Competing Human Rights in Canada
by Raheel Raza
January 16, 2014 at 4:00 am
http://www.gatestoneinstitute.org/4132/human-rights-canada
Although Canada’s diversity is usually touted globally, a clash of rights is now playing itself out.
Even though the struggle for reasonable religious accommodation is not a new issue in Canada, this is the first time that the challenge of religious accommodation at a secular institution of higher education is being noted, and argued, by the media here.
In September 2013, at York University in Toronto, a male student whose religious affiliation has not been revealed, asked to be excused for religious reasons from group work in which women were included. Sociology Professor Paul Grayson did not agree to the student’s request; he said it marginalized females (who make up a majority of students at York) and was a sexist stance. The student relented and agreed to join the class. All was quiet until Professor Grayson decided to ask the university “brass” to weigh in. To his surprise, the Dean of the Faculty of Liberal Arts and the Director at York University’s Centre for Human Rights said the student’s request should be granted.
York University, where Sociology Professor Paul Grayson teaches. The case made headlines not only in Canada but internationally, where other Western countries with hugely diverse populations are also struggling with the challenges of competing human rights. There is already a petition supporting Professor Grayson’s decision from two activist groups in London, England.
In UK, it has apparently become common practice to separate men and women at some lectures sponsored by Muslim groups. In November, the representative body of Universities [UUK] met with widespread opposition when it issued guidance endorsing gender segregation; it was forced to withdraw its guidance after intervention by Prime Minister David Cameron, who stated that gender segregation should not be enforced on audiences; he added, however, that such an opinion did not apply to worship services.
The UUK recently withdrew its guidance but left open the issue of voluntary segregation.
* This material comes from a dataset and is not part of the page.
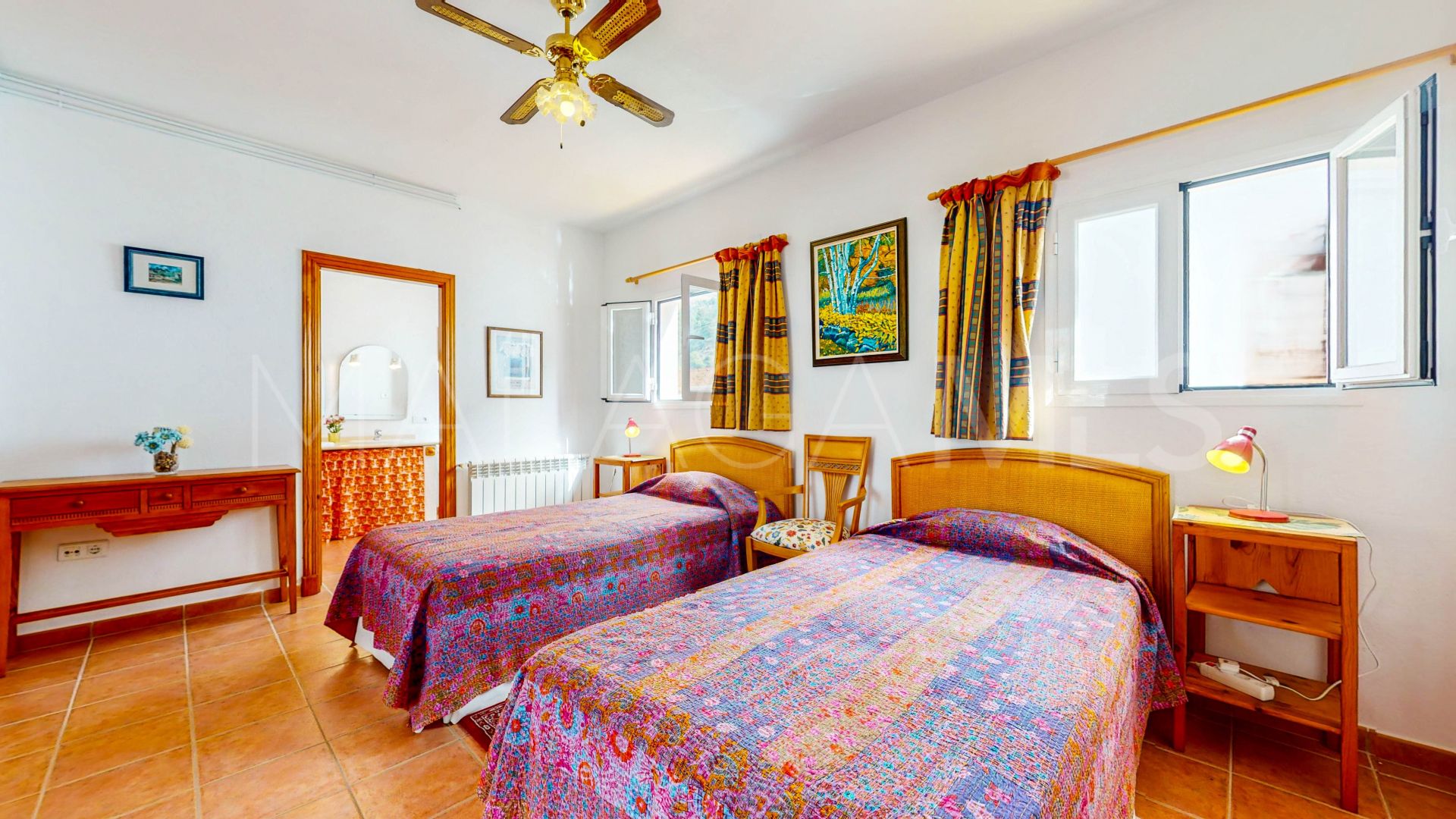 Maison de ville for sale in Tolox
A legal notice issued later, on behalf of a female student in the UK, stated that “gender segregation reinforces negative views specifically about women, undermines their right to participate in public life on equal terms with men and disproportionately impedes women from ethnic and religious minorities, whose rights to education and gender equality are already imperilled.”
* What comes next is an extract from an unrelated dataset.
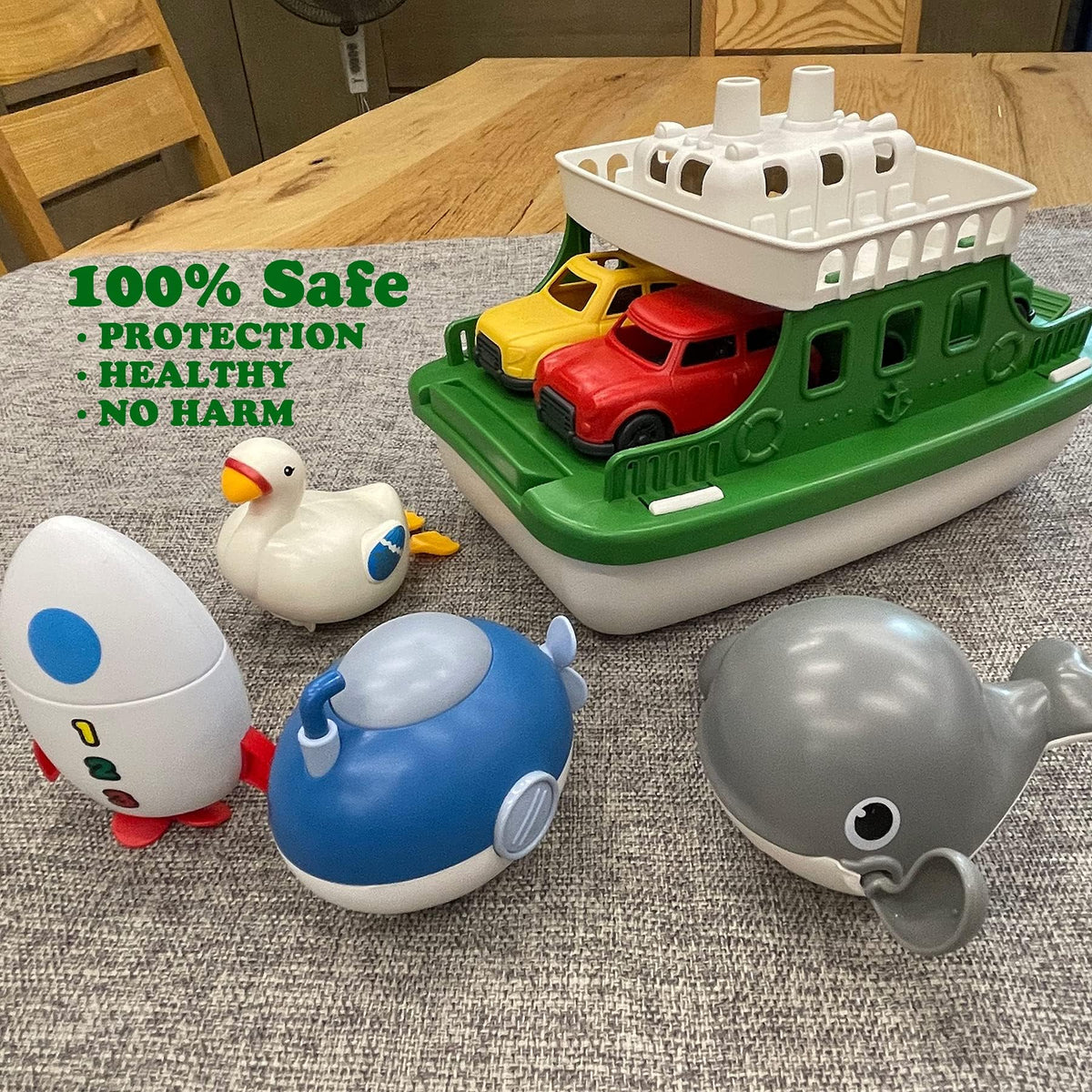 OKGIUGN wind-up submarines offer exploration during playtime
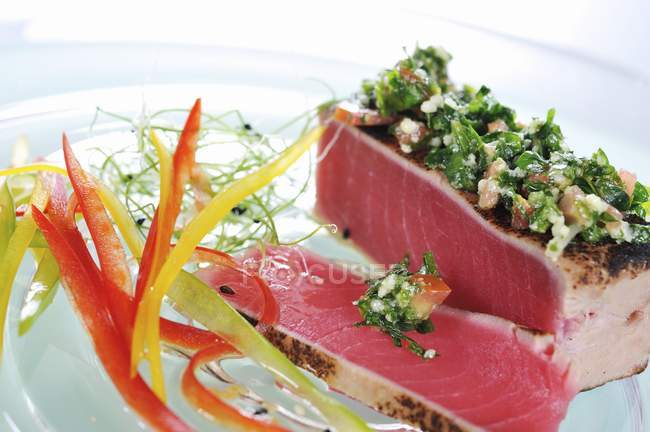 Flash-fried tuna fish with chopped herbs — Stock Photo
A poll taken by some media outlets shows that 70% of Canadians support Professor Grayson’s decision and would like York University to take back its decision to segregate the classroom — apparently out fear that if it does not, the precedent might be set for other, possibly unreasonable, accommodation. As Professor Grayson noted in his first response, “Can I assume that a similar logic would apply if the group with which he did not want to interact was comprised of Blacks, Moslems [or] homosexuals?”
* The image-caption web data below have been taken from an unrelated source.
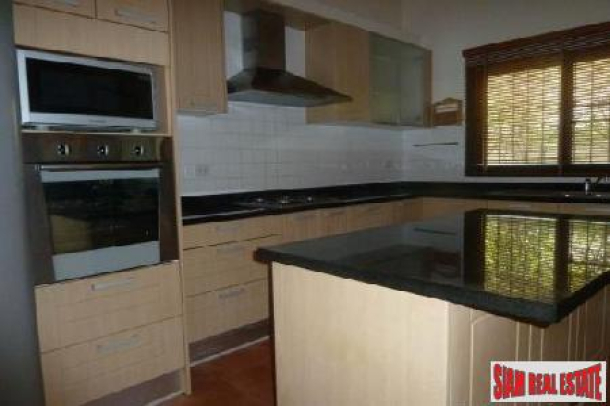 5 Bedroom House With Private Swimming Pool - East Pattaya-7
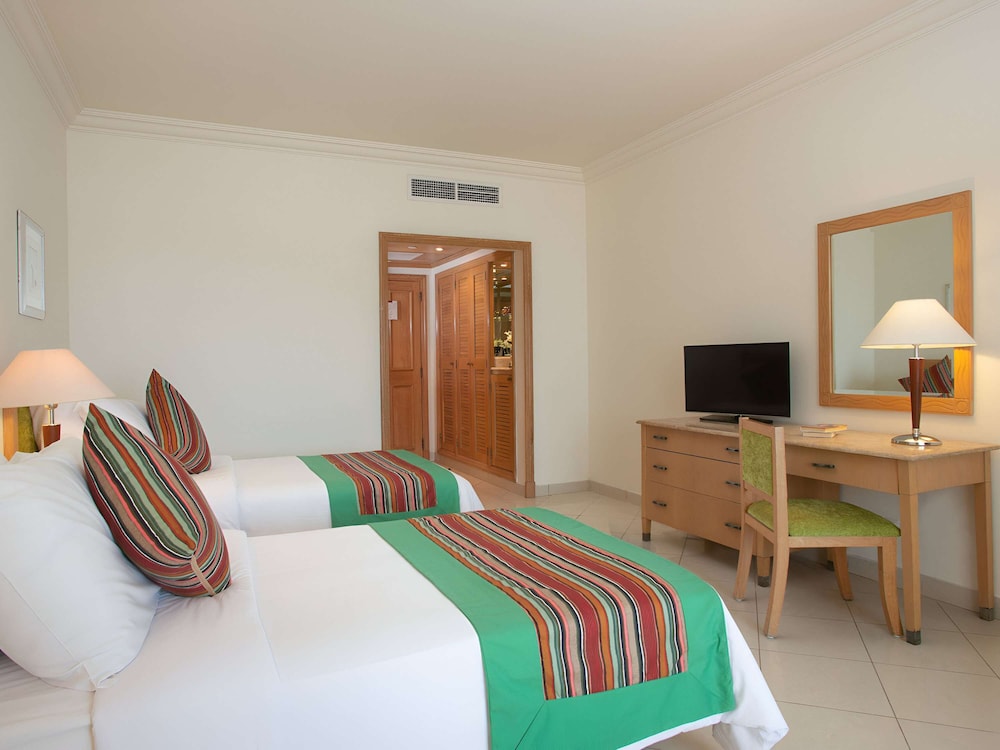 Classic Room, 1 King Bed, Pool View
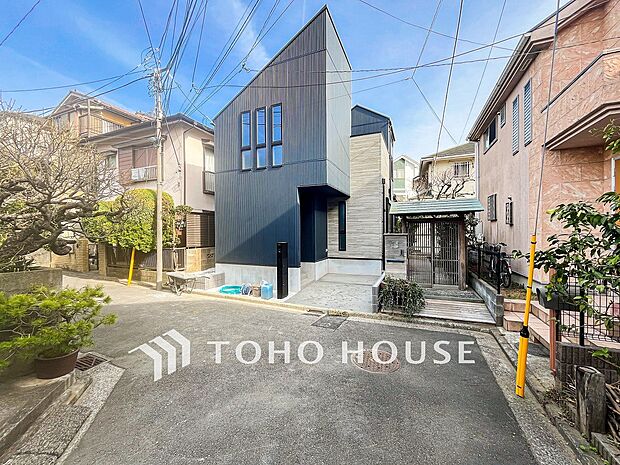 カースペースもゆとりある空間を保っています。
He added that segregated classrooms could eventually require York to agree to segregated seating, segregated tutorials and even gender-specific instructors.
Grayson says that decision about this particular case will affect the future of gender equality at universities. If permission for gender segregation is upheld, it will open a Pandora’s box for those who will undoubtedly come forward to ask for all sorts of other concessions.
Requests for religious accommodation are, however, already common in many Canadian schools. In October last year, some schools in Ontario said students should not dress up in Hallowe’en costumes because, according to the Niagara School Board, “some families don’t participate in Hallowe’en, or can’t afford costumes, and are excluded.”
At the Valley Park Middle School in Toronto, where the Lord’s Prayer was removed from schools many years ago, the principal allowed 400 Muslim students to pray in the lunchroom, with girls made to stand at the back. Educational institutions typically allow Muslim students to have special assigned rooms for prayer, where, if there is gender segregation, it remains within a specific group of people. Some colleges have built footbaths and special places for ablution. There has been no public dissent. Canadians, however, are now starting to ask how far religious accommodation can go before it becomes an impingement on the freedom of others. Although a nuisance, at least for now, it has apparently been viewed as a harmless one. The problem, as Grayson notes, comes later with: Where does it stop?
This issue is troubling at so many levels. Not even one women’s group came out to lobby for women’s rights or to remind the nation that a decision to support segregation is a slap in the face of equality.
Reasonable accommodation is good when not imposed from the top down. Reasonable accommodation is the multifaith chapel at Toronto airport with a large section for Muslims; unreasonable accommodation is the Muslim airport employee who insists on a separate room allocated only for him or her.
Reasonable accommodation is including Muslim books in the library; unreasonable accommodation is the demand to eliminate the Three Little Pigs from a traditional story. Reasonable accommodation is celebrating our religious holidays with joy; unreasonable accommodation is criticizing others who wish to say Merry Christmas and celebrate their culture, too.
Many of us who come from theocratic and patriarchal countries are wholly dependent on Canada’s liberal, secular values of gender equality to maintain our freedom — which others are working so tirelessly to curtail.
York University’s decision to allow gender segregation suffocates and chokes the very values that make this country, and others like it, the great liberal, secular democracy we came here to seek.